Djoko Setidjowarno selaku pengamat transportasi dari Masyarakat Transportasi Indonesia (MTI) mengatakan terdapat beberapa isu keselamatan pada insiden tabrakan Kereta di Bekasi Timur.
Djoko menggarisbawahi kalau pihak PT KAI perlu menerapkan SOP di perlintasan sebidang. Terlebih perlintasan yang terjadi insiden pemicu tidak dilengkapi palang kereta api.
"Pemicu awal KKA (Kecelakaan Kereta Api) adalah perlintasan sebidang di Jalan Ampera JPL 78 Bekasi, maka perlu mitigasi berupa SOP yang wajib dilaksanakan oleh pengguna jalan apabila kendaraan bermotor mogok di atas rel Kereta Api," ujar Djoko dalam keterangan resminya.
"SOP kendaraan yang mogok/rusak di atas rel perlintasan sebidang dapat diusulkan oleh Direktorat Perhubungan Darat (Hubdat) Kemenhub," lanjutnya.
Djoko pun menegaskan untuk KNKT melakukan investigasi pada keandalan taksi listrik yang mana dalam kejadian ini adalah operator Green SM.
"Untuk KNKT dalam melakukan investigasi KKA nantinya, diharapkan wajib investasi pula reliability (keandalan) taksi listrik yang berpotensi mogok di atas rel Kereta Api di JPL 78 tersebut," sebut Djoko.
Bahkan Djoko juga mengatakan jika terdapat kelemahan keandalan dari taksi listrik, maka perlu dievaluasi kembali izin operasionalnya.
"Apabila memang terdapat kelemahan reliability dalam taksi listrik tersebut, perizinan taksi listrik ini dapat dievaluasi kembali," tutupnya.
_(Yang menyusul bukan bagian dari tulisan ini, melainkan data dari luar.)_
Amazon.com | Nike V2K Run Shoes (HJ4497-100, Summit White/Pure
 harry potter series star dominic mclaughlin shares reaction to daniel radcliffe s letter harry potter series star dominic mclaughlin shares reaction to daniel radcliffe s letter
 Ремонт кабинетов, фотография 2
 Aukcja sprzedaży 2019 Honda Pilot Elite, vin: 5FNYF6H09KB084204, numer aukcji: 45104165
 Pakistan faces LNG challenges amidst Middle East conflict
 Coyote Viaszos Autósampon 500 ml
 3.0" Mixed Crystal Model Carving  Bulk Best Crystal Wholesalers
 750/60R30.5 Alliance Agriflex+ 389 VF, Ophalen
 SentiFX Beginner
Sebelumnya diberitakan, terjadi kendala pada taksi listrik Green SM saat melintasi perlintasan kereta api di Bekasi Timur.
Kendala tersebut membuat mobil listrik VinFast yang digunakan sebagai armada Green SM mengalami mogok hingga tertemper oleh KRL.
Insiden tersebut membuat KRL dari arah lain harus menunggu dan berhenti di Stasiun Bekasi Timur. Dalam kurun waktu yang singkat, Kereta Api Argo Bromo Anggrek justru melaju dalam kecepatan tinggi hingga menabrak KRL yang sedang menunggu di Stasiun Bekasi Timur.
Akibat insiden ini, berdasarkan data terbaru yang beredar, menunjukkan korban meninggal dunia mencapai 15 orang.
Sementara itu masih terdapat puluhan korban lain yang mengalami luka-luka. Korban yang meninggal dunia dilaporkan berjenis kelamin perempuan karena berada di gerbong paling belakang.